That intention manifests right at the top of the story, when Rebecca and David, without a male relative to take responsibility for them at Ellis Island, are threatened with immediate deportation. "In the original version, it was Bella and Avram that made the decision to save her," said Ruggiero. "In this version, she sees them. She's the resourceful one."
It's a small moment, but one that sets the precedent for a character who is in charge of her own trajectory and, as such, has earned her right to the title song — a number that previously belonged to the secondary character Bella. Now, after singing her son the hopeful words, "Look, David…Now it belongs to you" in the song "Brand New World," she gets to bookend Act 1 with the disillusioned lyrics, "I'm just one more Jew in her rags."
Consequently, when Rebecca finally delivers her ballad, "Children of the Wind," she's not just singing from the position of someone tossed around by political currents. "She realizes the power of her own journey and claims it," said Massell. "Tom often says that this show begs the question, 'What do we hold on to when we assimilate and what do we give up?' We see Rebecca discover the beauty of that choice and the beauty that she gets to make that choice at all."
That kind of self-possession is valuable to see portrayed in any woman, though, at this moment in America, even more valuable to see portrayed in a refugee. "People were saying about Jewish immigrants what people are saying today about Muslim immigrants," said Schwartz, whose lyrics suddenly have an urgency they did not possess in 1986. "Each generation of assimilated Americans worries that a new group of people coming into the country are somehow going to destroy the country. Eventually we have to learn in fact they're not going to destroy the country.
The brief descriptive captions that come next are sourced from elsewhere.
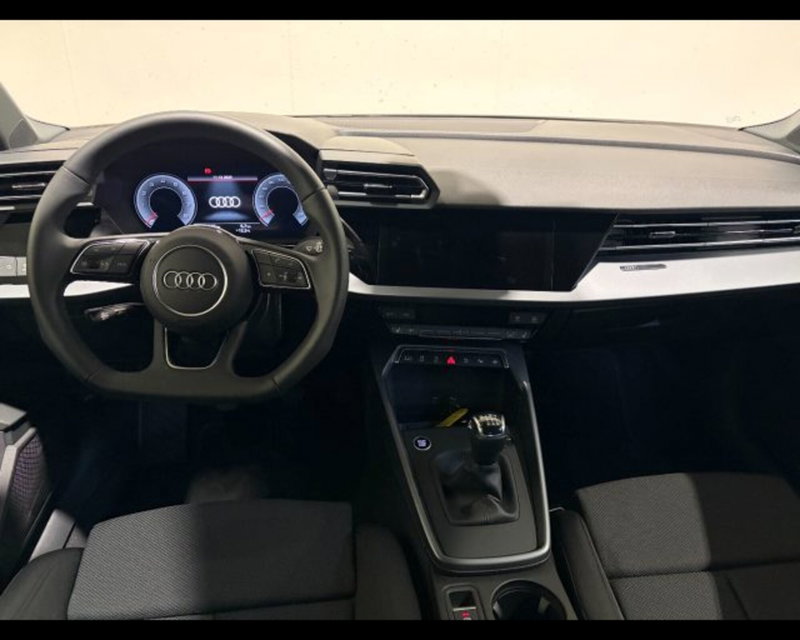 Audi A3 Sportback usata a Treviso (4)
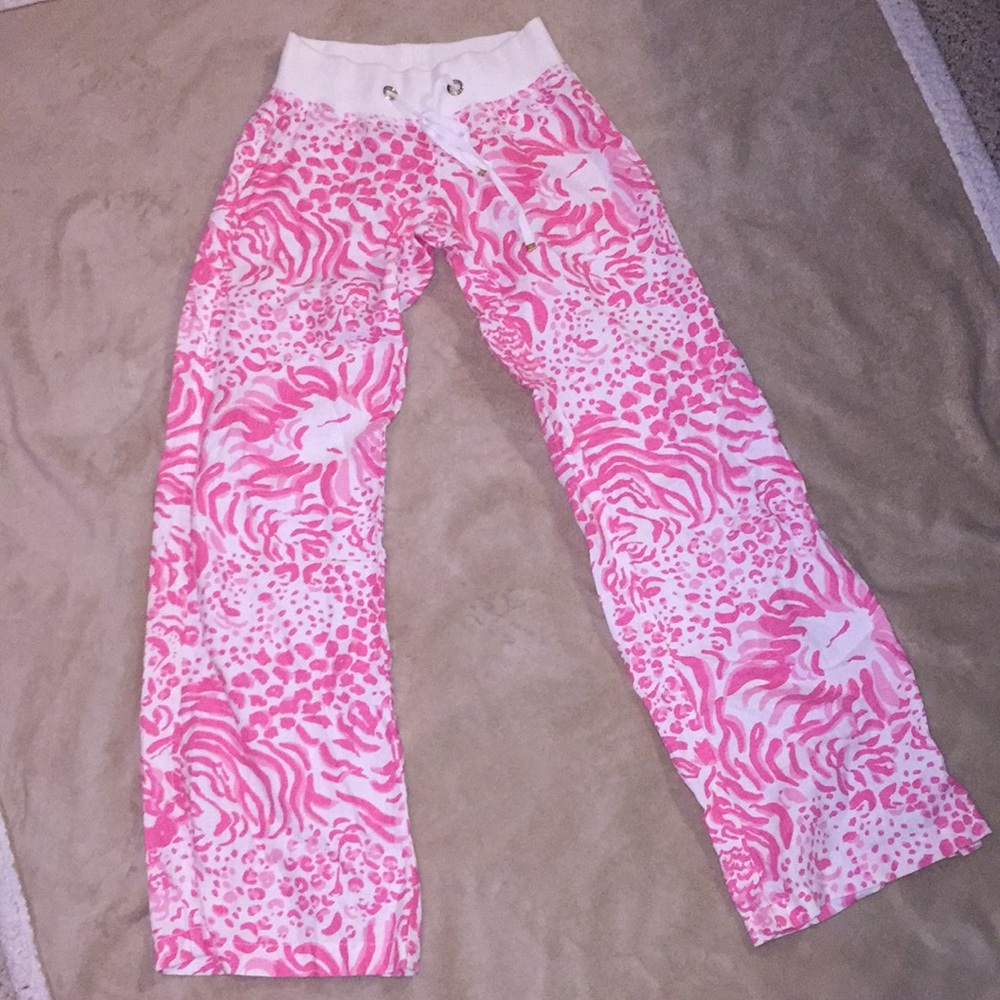 Lilly Pulitzer Palazzo Pants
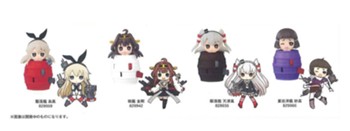 Pop-up Pirate TobiColle!! "Kantai Collection -KanColle-"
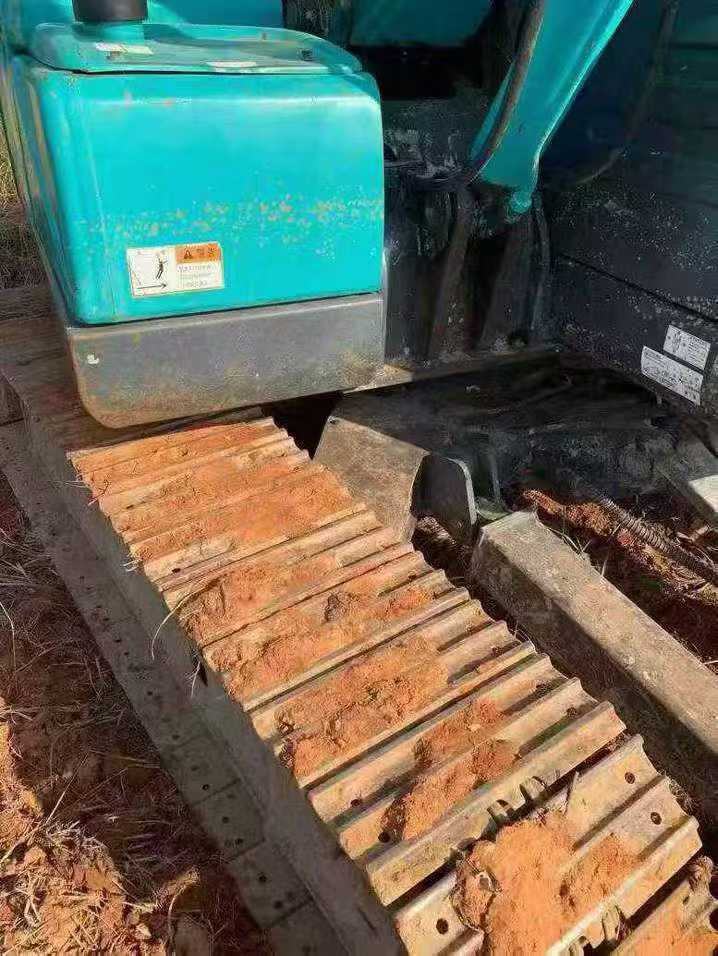 Used Kobelco SK75-8 Excavator 2019 Model / 8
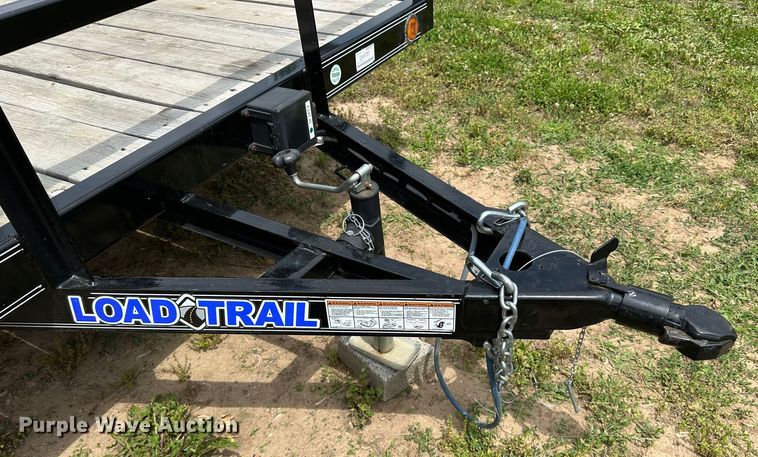 image for item JC9979 2022 Load Trail  utility trailer
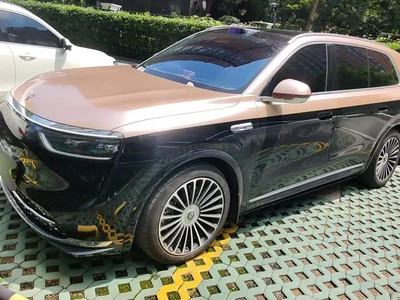 2025 AITO Wenjie AITO M8 Model Extended Range Max+ Edition 53.4kWh 6-Seater, фото 1, лот 10277514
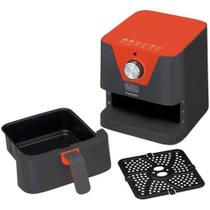 Fritadeira Elétrica Black Decker Sem Óleo Freestyle 1,5L 700W AFM2 Fritadeira Elétrica Black Decker Sem Óleo Freestyle 1,5L 700W AFM2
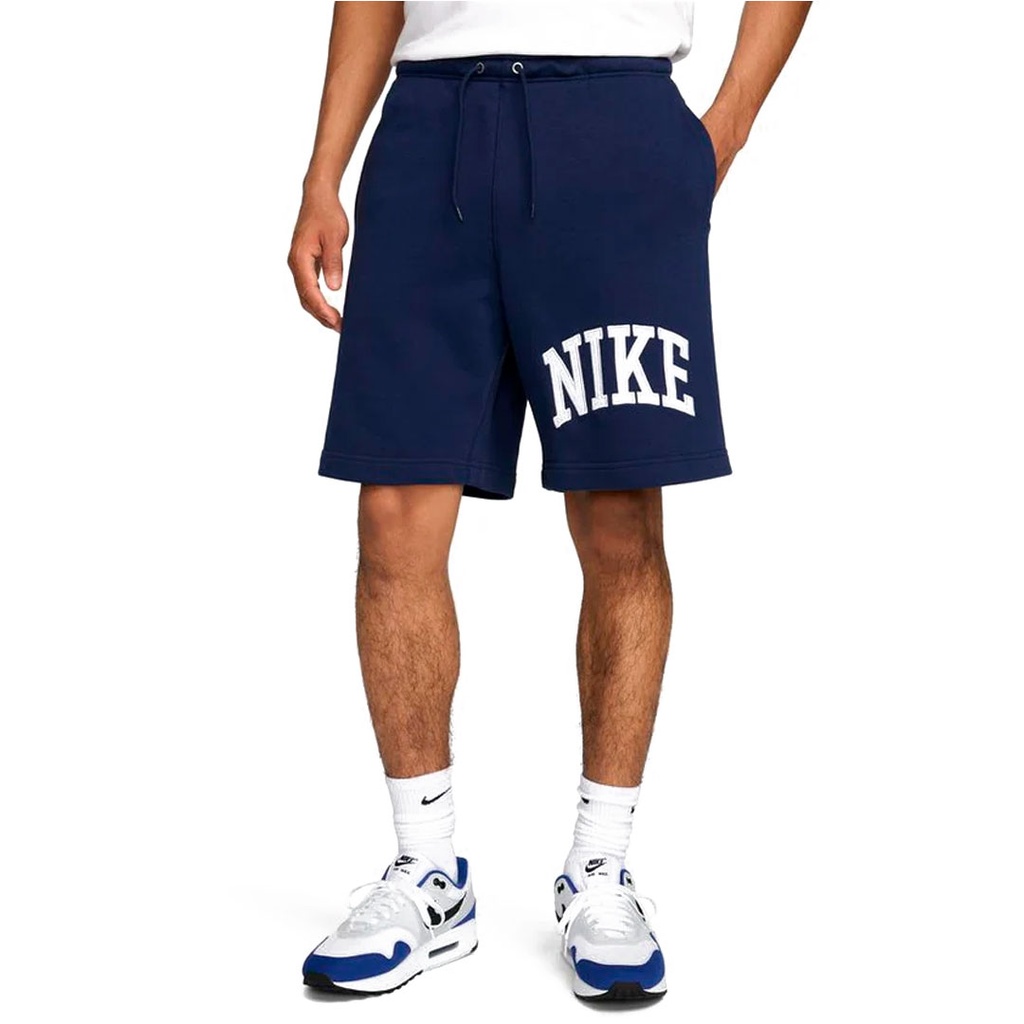 M NK CLUB FT SHORT APLQ ARCH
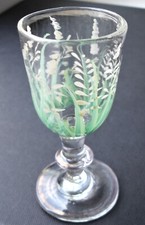 Seltenes Schnapsglas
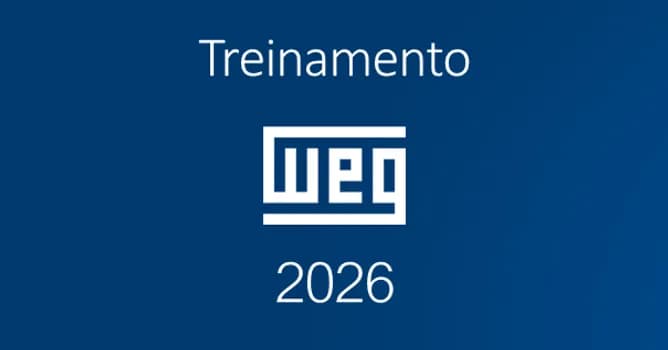 Imagem do TREINAMENTO WEG 2026 | FORTALEZA-CE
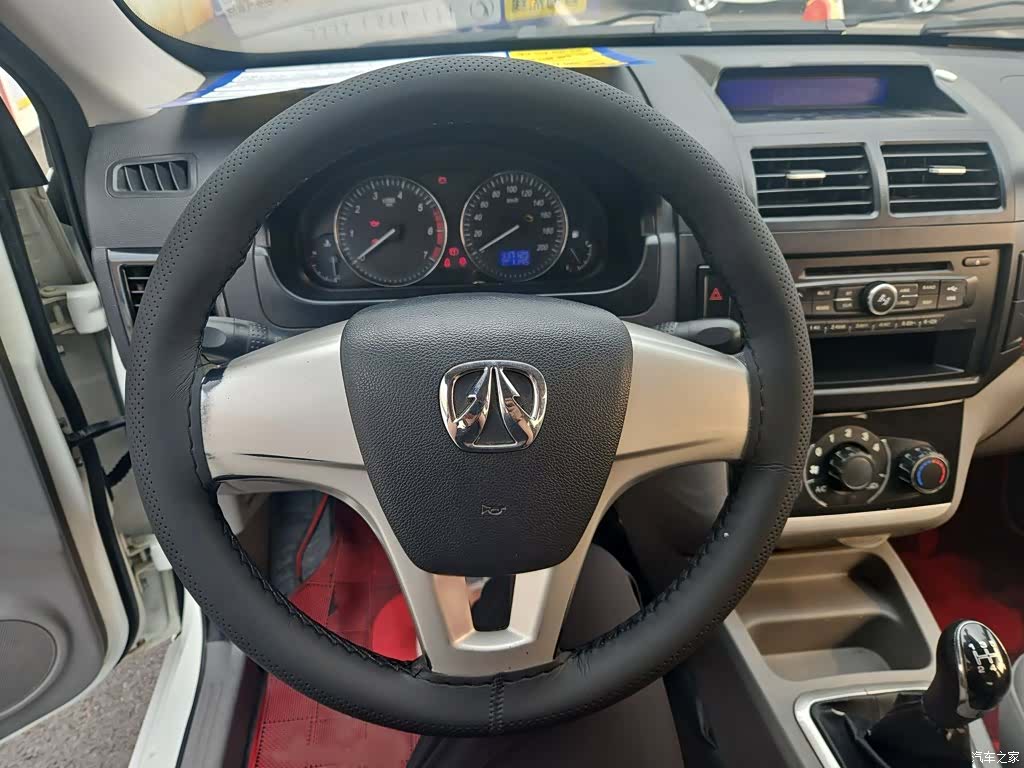 BAIC M20, 2017 4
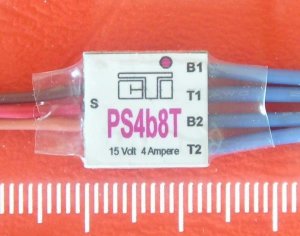 CTI PS4b8T Turn signal switching module 4x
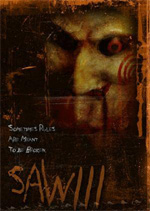 Poster Saw III - L'enigma senza fine  n. 5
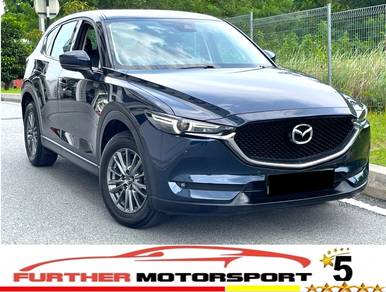 Mazda CX-5 GLS in Cheras, SGR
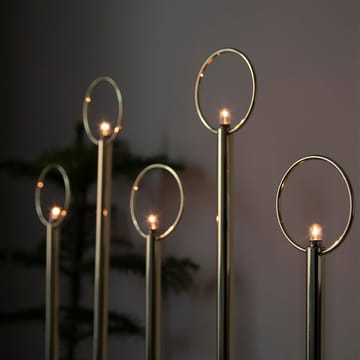 Natale 5 대림절 캔들 홀더 - White - Globen Lighting | 글로벤라이팅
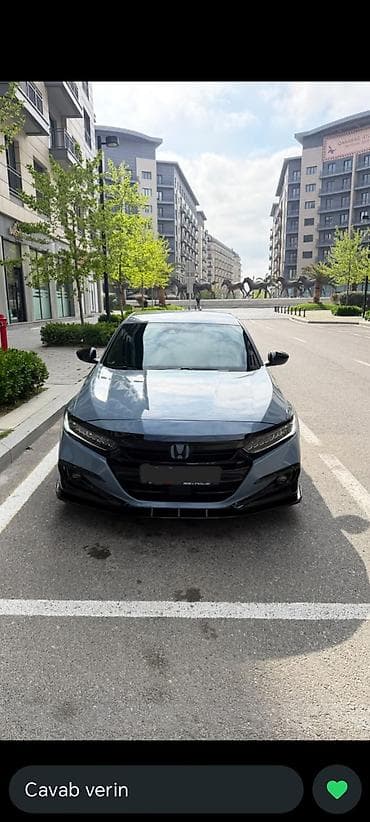 avtomobil bazarı: Honda Accord: 2 l | 2022 il Sedan — 3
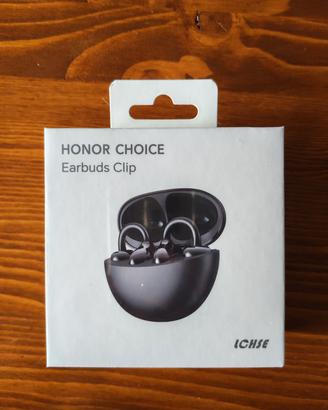 Cuffiette Honor choice earbud clip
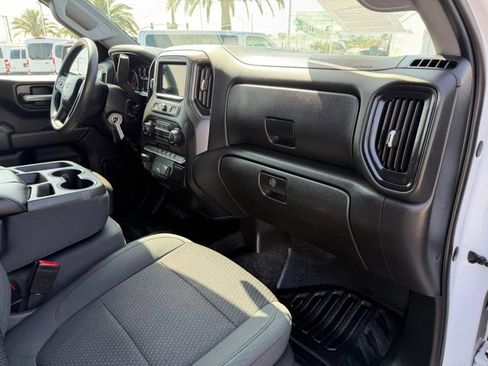 Used 2019 Chevrolet Silverado 1500 W/T w/ WT Convenience Package RWD image 25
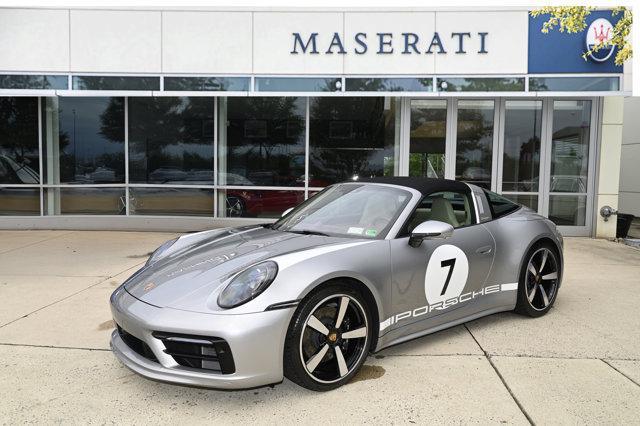 used 2021 Porsche 911 car, priced at $189,810
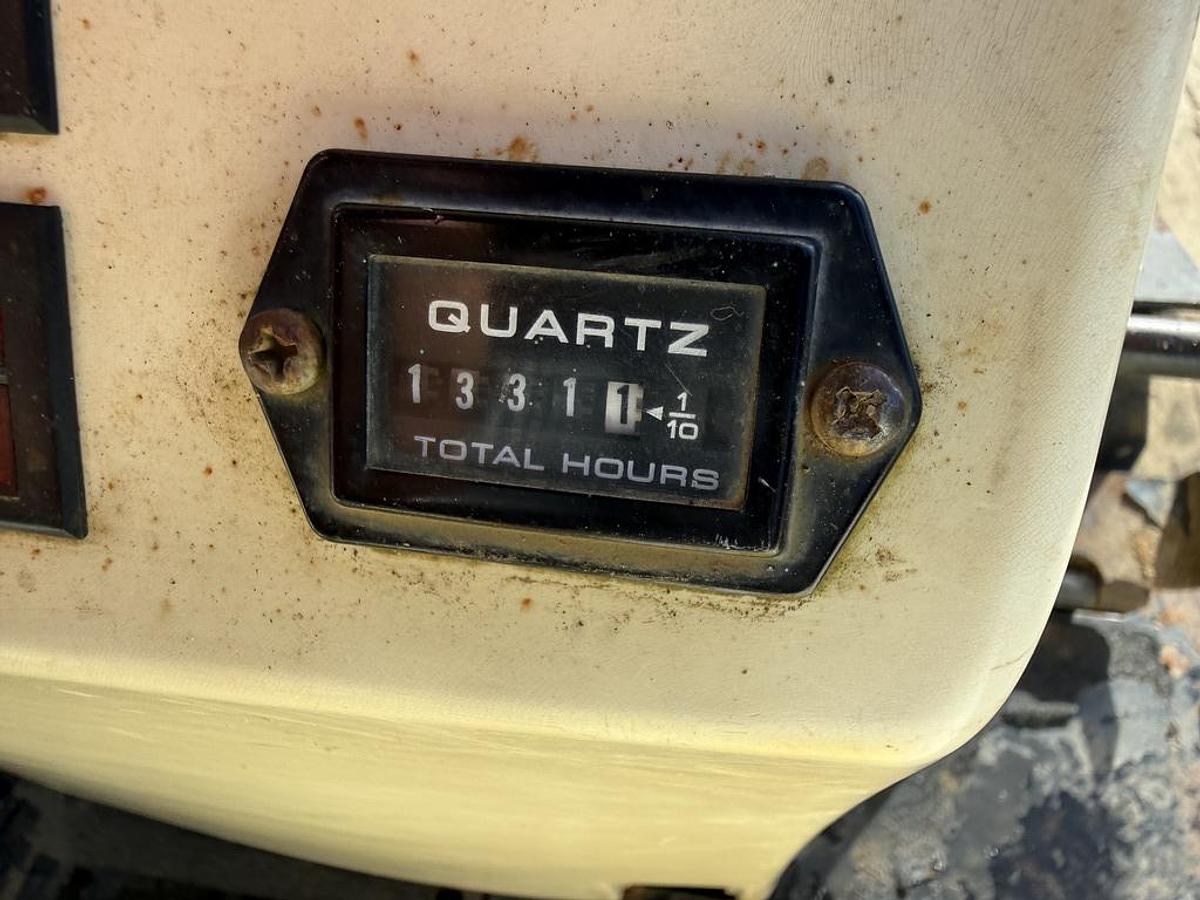 Used Bobcat E10 1t Micro Excavator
They are going to help build the country."
"We didn't do this work to make a political statement," added Ruggiero, "but we cannot do a show like Rags in 2017 and pretend that there's no relevance there."
It's all a delicate calculus, but at the end of the day, every risk is a risk worth taking when you have what Schwartz bluntly frames as a "no-lose situation."
"We have a show that doesn't work," he said. "So if we now have a new show that doesn't work — well, we're no worse off than we were before."
And whatever the verdict, Schwartz is looking forward to the day his cast can pay a visit to the Lincoln Center theater archives. "Don't do this yet, but at some point, you might just want to go and see what this was," he told his Goodspeed ensemble. "Your little heads will explode."